Le château de Véz relevait du château de Pierrefonds; il est situé non loin de ce domaine, sur les limites de la forêt de Compiègne, près de Morienval, sur un plateau élevé qui domine les vallées de l'Automne et de Vandi. Sa situation militaire est excellente en ce qu'elle complète au sud la ligne de défense des abords de la forêt, protégée par les deux cours d'eau ci-dessus mentionnés, par le château même de Pierrefonds au nord-est, les défilés de la forêt de l'Aigle et de la rivière de l'Aisne au nord, par les plateaux de Champlieu et le bourg de Verberie à l'ouest, par le cours de l'Oise au nord-nord-ouest. Le château de Véz est un poste très-ancien, placé à l'extrémité d'un promontoire entre deux petites vallées. Louis d'Orléans dut le rebâtir presque entièrement lorsqu'il voulut prendre ses sûretés au nord de Paris, pour être en état de résister aux prétentions du duc de Bourgogne, qui, de son côté, se fortifiait au sud du domaine royal. Véz n'est, comparativement à Pierrefonds, qu'un poste défendu par une enceinte et un petit donjon merveilleusement planté, bâti avec le plus grand soin, probablement par l'architecte du château de Pierrefonds 35
Ce donjon (45) s'élève en A (voy. le plan d'ensemble), à l'angle formé par deux courtines, dont l'une, celle B, domine un escarpement B', et l'autre, C, flanquée extérieurement d'échauguettes, est séparée d'une basse-cour ou baille E par un large fossé. Du côté G, le plateau descend rapidement vers une vallée profonde; aussi les deux courtines HH' sont-elles plus basses que les deux autres BC, et leur chemin de ronde se trouve-t-il au niveau du plateau sur lequel s'élevait un logis K du XIIe siècle presque entièrement rebâti au commencement du XVe. Ce logis, en ruine aujourd'hui, était une charmante construction. La porte du château, défendue par deux tours de petite dimension, est en I. On voit encore quelques restes des défenses de la baille E, mais converties aujourd'hui en murs de terrasses 36. Le donjon est détaillé dans le plan du rez-de-chaussée X. Son entrée est en L, et consistait en une étroite poterne avec pont à bascule 37 donnant sur un large escalier à vis montant de fond. Chaque étage contenait deux pièces, l'une grande et l'autre plus petite, munies de cheminées et de réduits. En P est un puits. On voit en F le fossé et en M l'entrée du château avec ses tours et son pont détourné. La courtine C est défendue par des échauguettes extérieures flanquantes O, tandis que la courtine B, qui n'avait guère à craindre une attaque du dehors, à cause de l'escarpement, était protégée à l'intérieur par des échauguettes flanquantes R. Par les tourelles SS', bâties aux deux extrémités des courtines élevées, on montait sur les chemins de ronde de ces courtines au moyen d'escaliers. En V était une poterne descendant de la plate-forme sur l'escarpement. Quand on examine la situation du plateau, on s'explique parfaitement le plan du donjon d'angle dont les faces extérieures enfilent les abords du château les plus accessibles. Les tourelles d'angle montant de fond forment d'ailleurs un flanquement de second ordre, en prévision d'une attaque rapprochée.

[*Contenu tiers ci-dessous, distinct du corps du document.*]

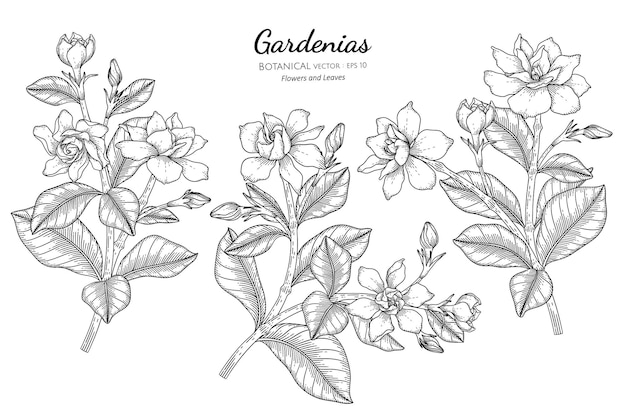 Gardenias blume und blatt handgezeichnete botanische illustration mit strichzeichnungen.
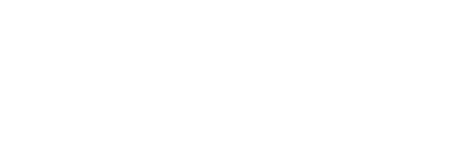 APG Automotive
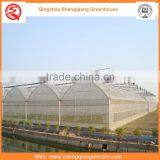 Agriculture Equipment Multi-span 10.8m Plastic PE Film Agriculture Greenhouse for Popular Sale thumbnail-3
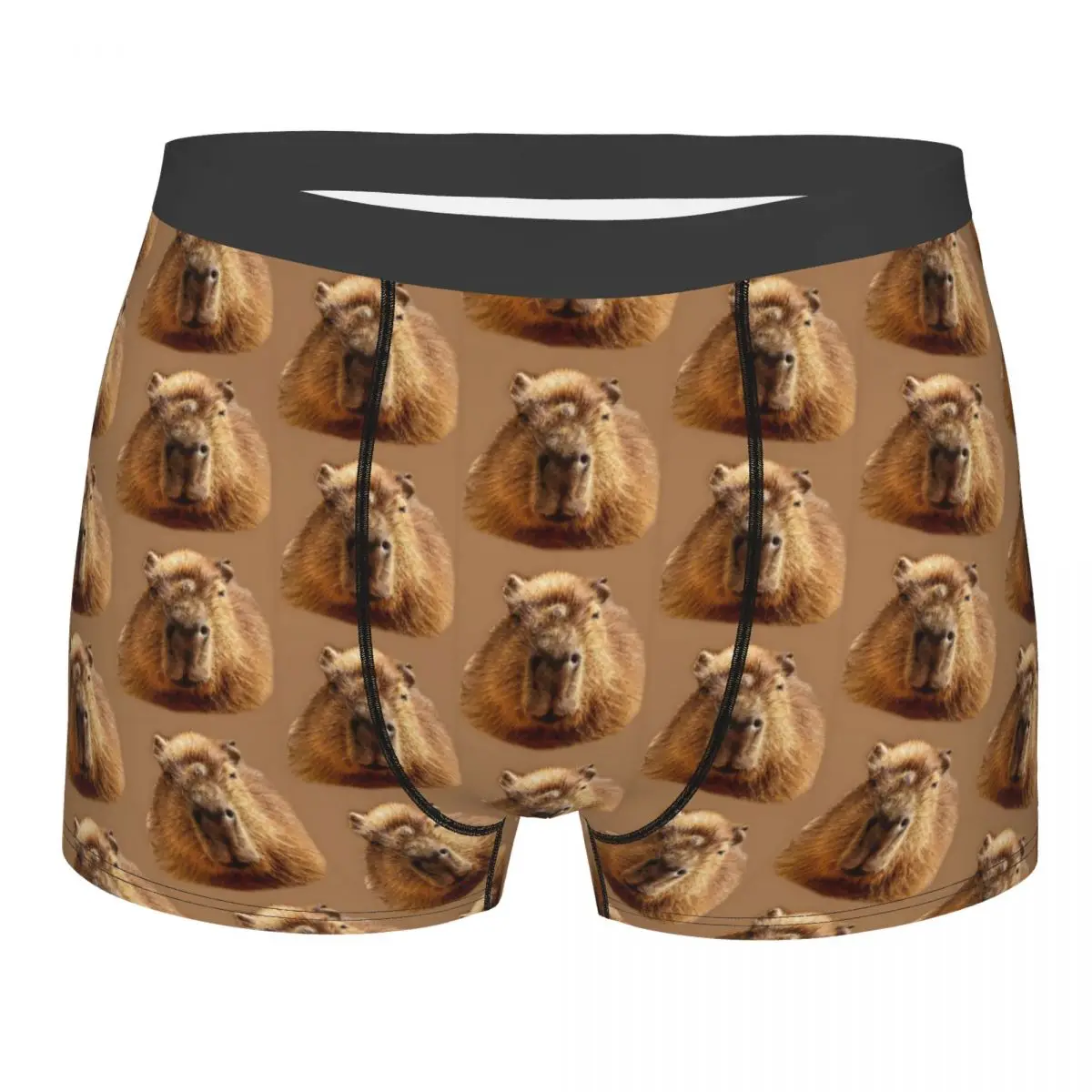 

Custom Capybara Dozing In The Sunshine Boxer Shorts For Homme 3D Print Popular Animals Underwear Panties Briefs Soft Underpants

La fig. 46, qui donne l'élévation perspective du donjon de Véz, prise de l'intérieur de l'enceinte, fait voir la disposition des échauguettes flanquantes R de la courtine B, la poterne avec son petit fossé et son pont à bascule, l'ouverture du puits, la disposition des mâchicoulis-latrines, le long de l'escalier, le sommet de l'escalier terminé par une tourelle servant de guette. Du premier étage du donjon, on communiquait aux chemins de ronde des deux courtines par de petites portes bien défendues. Ainsi la garnison du donjon pouvait, en cas d'attaque, se répandre promptement sur les deux courtines faisant face aux deux fronts qui seuls étaient attaquables. Si l'un de ces fronts, celui C, était pris (c'est le plus faible à cause de la nature du terrain et du percement de la porte), les défenseurs pouvaient encore conserver le second front B, rendu plus fort par les échauguettes intérieures R (voy. les plans); s'ils ne pouvaient garder ce second front, ils rentraient dans le donjon et de là reprenaient l'offensive ou capitulaient à loisir. Dans un poste si bien disposé, une garnison de cinquante hommes arrêtait facilement un corps d'armée pendant plusieurs jours; et il faut dire que l'assaillant, entouré de ravins, de petits cours d'eau et de forêts, arrêté sur un pareil terrain, avait grand'peine à se garder contre un corps de secours. Or le château de Véz n'était autre chose qu'un fort destiné à conserver un point d'une grande ligne de défenses très-bien choisie. Peut-être n'a-t-on pas encore assez observé la corrélation qui existe presque toujours, au moyen âge, entre les diverses forteresses d'un territoire; on les étudie isolément, mais on ne se rend pas compte généralement de leur importance et de leur utilité relative. À ce point de vue, il nous paraît que les fortifications du moyen âge ouvrent aux études un champ nouveau.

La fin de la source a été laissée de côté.